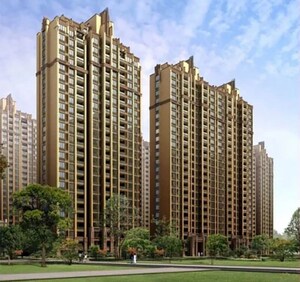 3 BHK Apartment – Exterior View View at Ambala Highway - for Sale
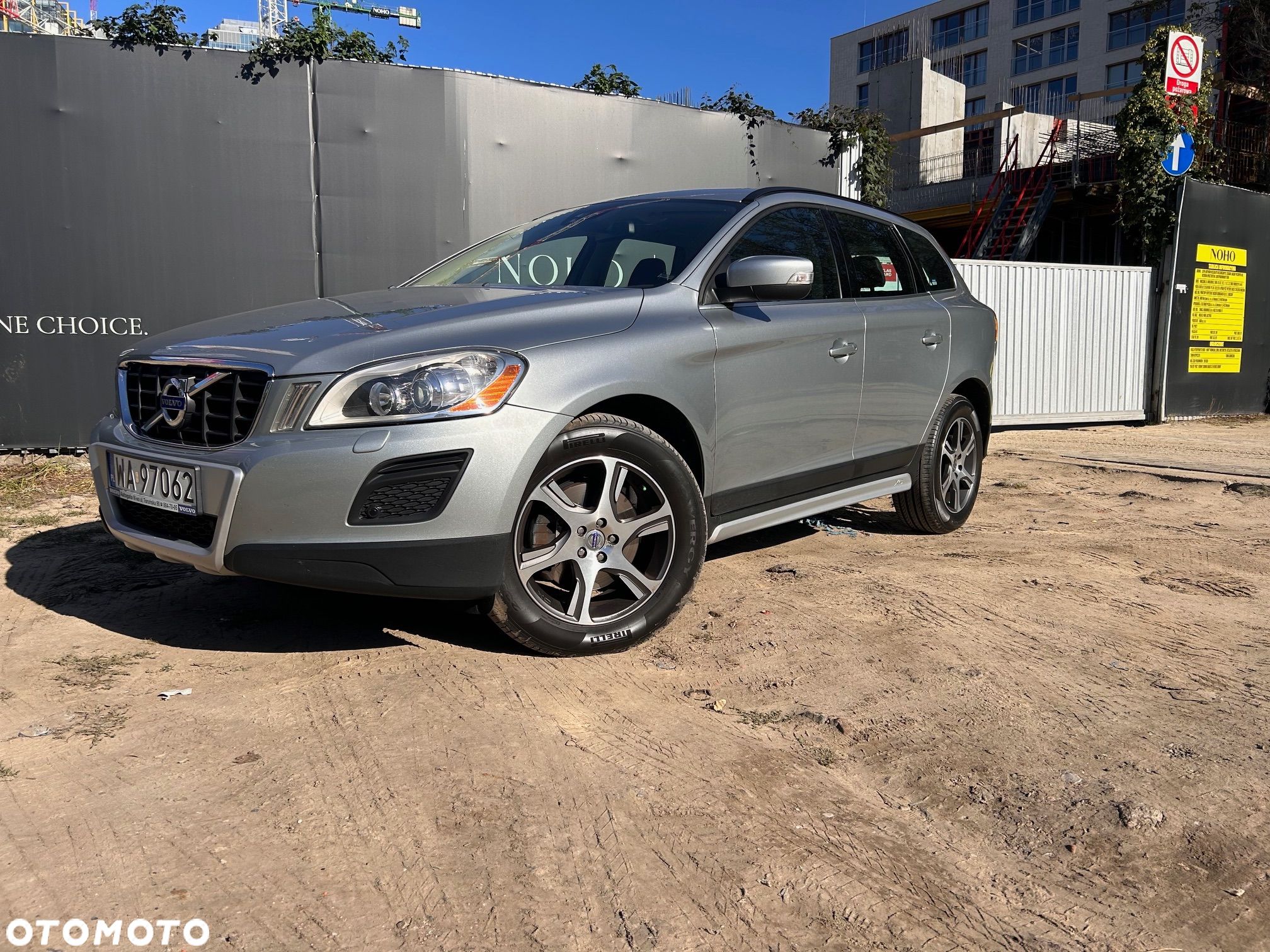 Volvo XC 60 - 1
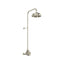 Georgian Era 3/4" Exposed Wall Mount Thermostatic Shower System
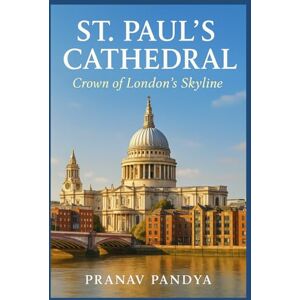 PANDYA, PRANAV ST. PAUL’S CATHEDRAL Crown of London’s Skyline PANDYA, PRANAV ST. PAUL’S CATHEDRAL Crown of London’s Skyline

* EXERCISE OBJECTIVE: Leave every picture out, and reproduce exactly the lines from the line bearing "Volvo XC 60 - 1" through the closing line of the material above.

* ANSWER BOX:
 Volvo XC 60 - 1
 Georgian Era 3/4" Exposed Wall Mount Thermostatic Shower System
 PANDYA, PRANAV ST. PAUL’S CATHEDRAL Crown of London’s Skyline PANDYA, PRANAV ST. PAUL’S CATHEDRAL Crown of London’s Skyline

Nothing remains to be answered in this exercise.